=== Begin Enclosure ===

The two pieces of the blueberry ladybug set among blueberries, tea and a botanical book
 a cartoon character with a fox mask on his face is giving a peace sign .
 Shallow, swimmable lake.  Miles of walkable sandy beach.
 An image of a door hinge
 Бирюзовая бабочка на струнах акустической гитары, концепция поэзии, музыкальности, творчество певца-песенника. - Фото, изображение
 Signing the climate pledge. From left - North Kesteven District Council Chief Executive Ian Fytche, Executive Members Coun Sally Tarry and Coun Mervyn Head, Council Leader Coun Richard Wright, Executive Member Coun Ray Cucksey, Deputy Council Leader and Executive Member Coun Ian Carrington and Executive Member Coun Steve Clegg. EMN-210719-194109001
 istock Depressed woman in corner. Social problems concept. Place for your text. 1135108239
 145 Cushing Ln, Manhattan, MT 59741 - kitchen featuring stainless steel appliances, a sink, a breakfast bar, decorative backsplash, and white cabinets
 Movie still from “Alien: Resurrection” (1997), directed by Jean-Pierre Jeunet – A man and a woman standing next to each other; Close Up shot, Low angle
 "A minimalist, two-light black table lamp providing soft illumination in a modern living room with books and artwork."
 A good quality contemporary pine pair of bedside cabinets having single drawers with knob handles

=== End Enclosure ===
=== Begin Enclosure ===

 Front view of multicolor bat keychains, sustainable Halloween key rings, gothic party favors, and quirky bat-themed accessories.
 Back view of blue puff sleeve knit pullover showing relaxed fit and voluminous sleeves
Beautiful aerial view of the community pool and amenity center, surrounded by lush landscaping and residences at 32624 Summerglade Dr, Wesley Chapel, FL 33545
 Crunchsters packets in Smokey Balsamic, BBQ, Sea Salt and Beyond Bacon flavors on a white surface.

=== End Enclosure ===

* _Aim of the exercise_:
Transcribe the records above exactly, beginning at the line that contains "The two pieces" and ending with the line that contains "Бирюзовая бабочка на", both included, and nothing else.

* _Task result_:
The two pieces of the blueberry ladybug set among blueberries, tea and a botanical book
 a cartoon character with a fox mask on his face is giving a peace sign .
 Shallow, swimmable lake.  Miles of walkable sandy beach.
 An image of a door hinge
 Бирюзовая бабочка на струнах акустической гитары, концепция поэзии, музыкальности, творчество певца-песенника. - Фото, изображение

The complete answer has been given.